▶ _Collected data_
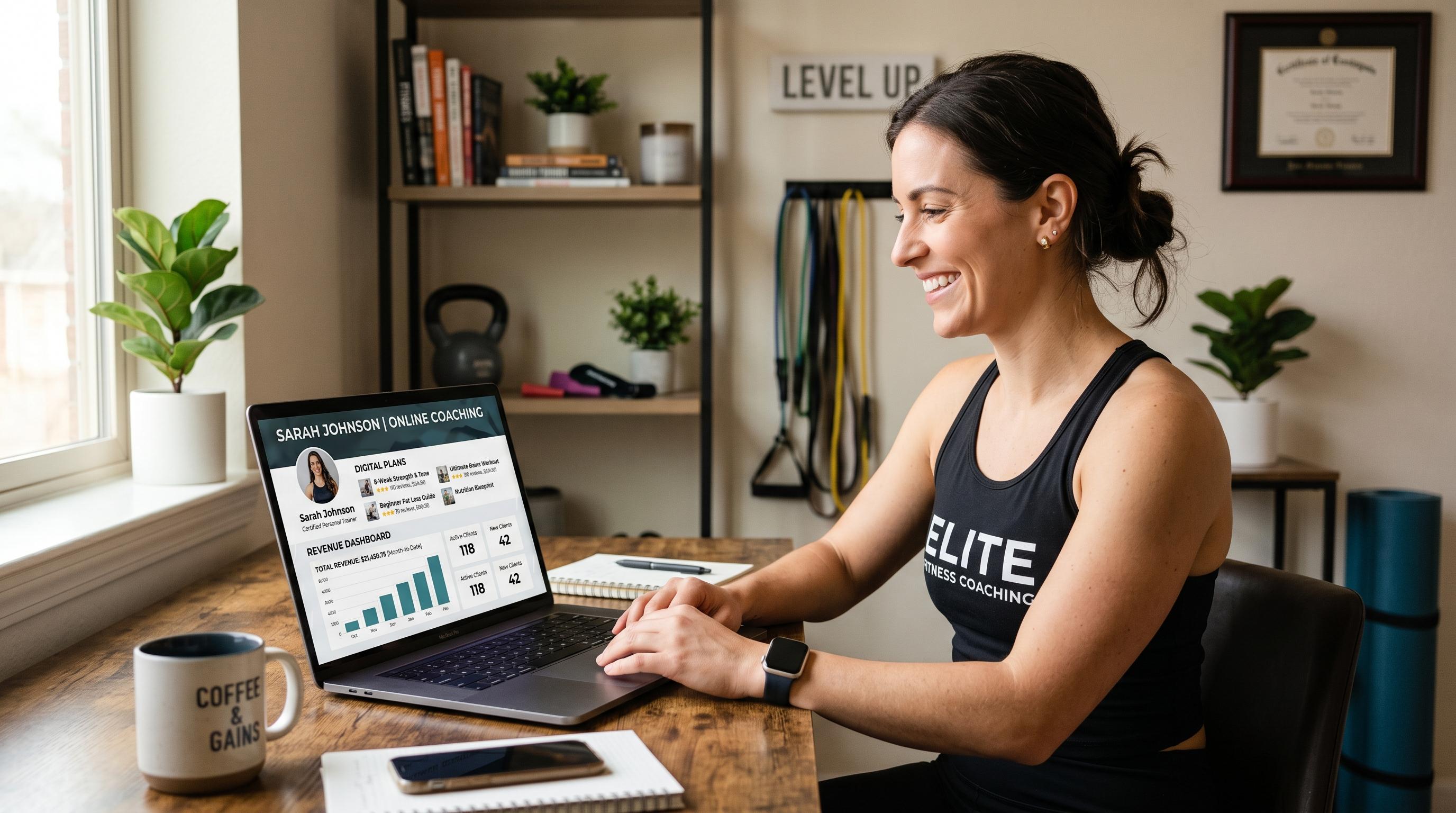 Coach selling digital plans on Fitconnect marketplace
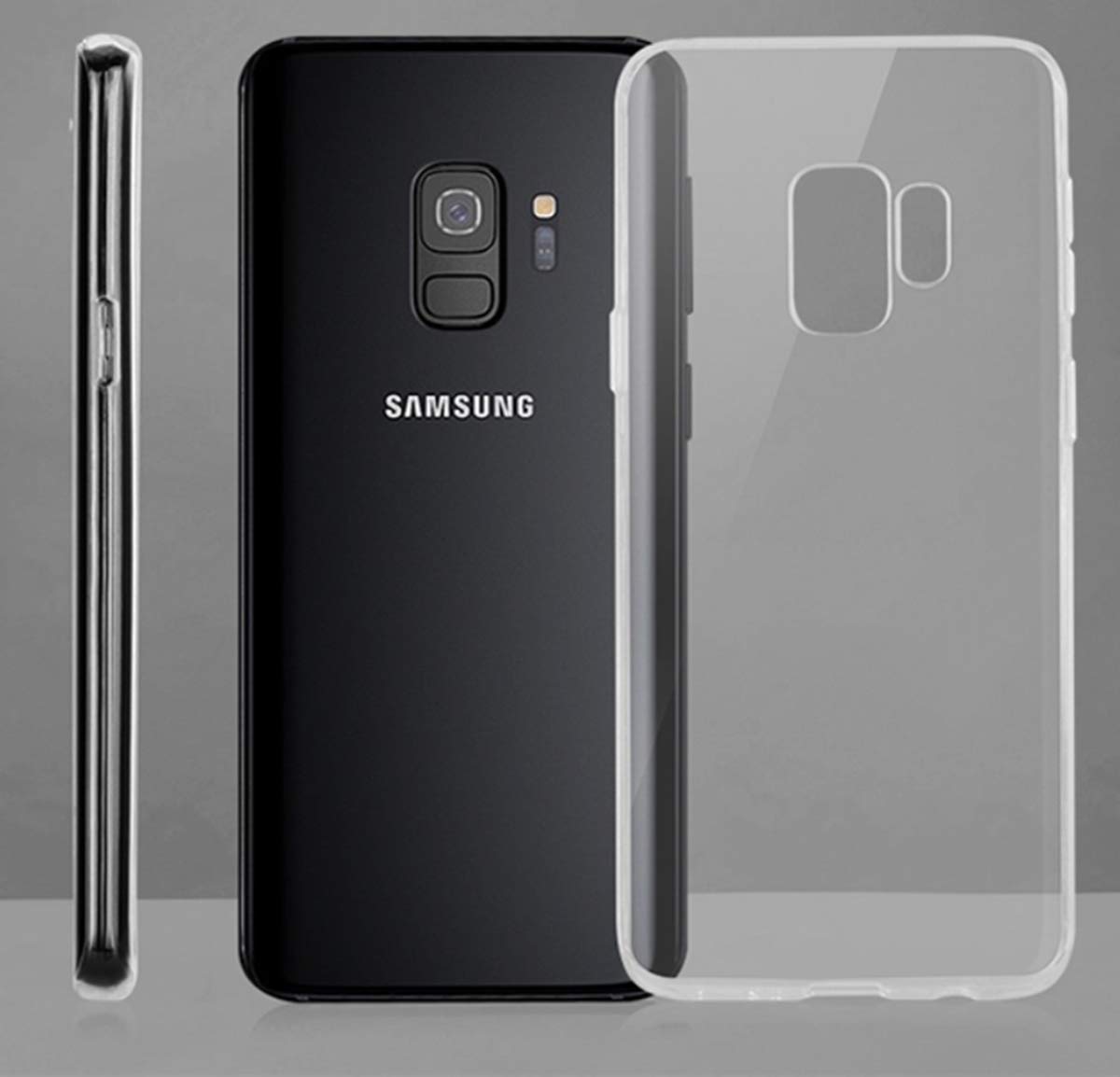Samsung Galaxy S10 Lite S9 Plus S8 Plus S10 Case Anti-fall[transparent]Thin TPU protective cover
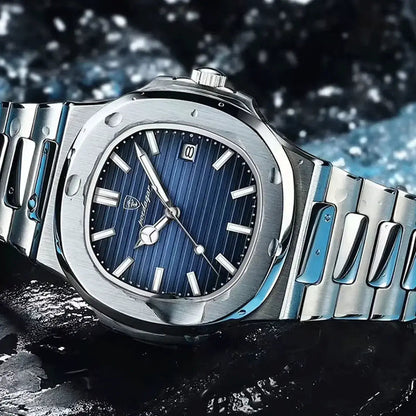 Men’s Luxe Nautilus™ Watch with a free strap kit – A real bargain!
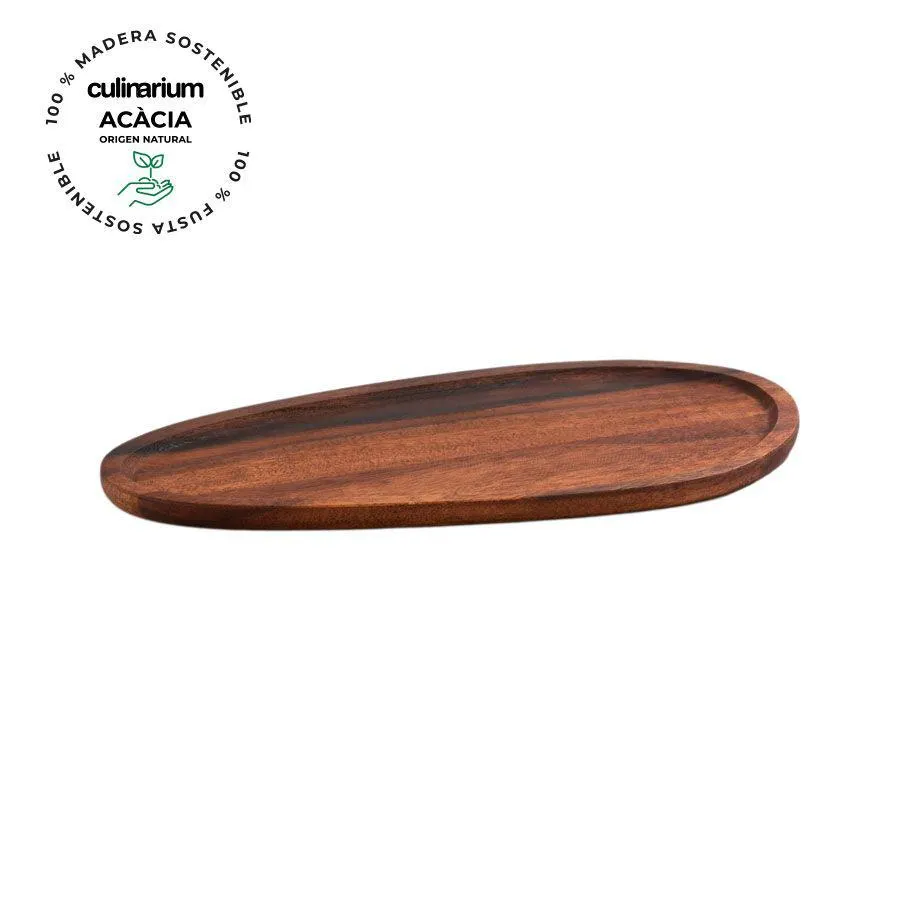 Bandeja Larme Acacia marrón 38 x 17 cm Culinarium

▶ _Aim of the exercise_
Reproduce the material above in full and without alteration, but skip all pictures.

▶ _Response below_
 Coach selling digital plans on Fitconnect marketplace
Samsung Galaxy S10 Lite S9 Plus S8 Plus S10 Case Anti-fall[transparent]Thin TPU protective cover
 Men’s Luxe Nautilus™ Watch with a free strap kit – A real bargain!
 Bandeja Larme Acacia marrón 38 x 17 cm Culinarium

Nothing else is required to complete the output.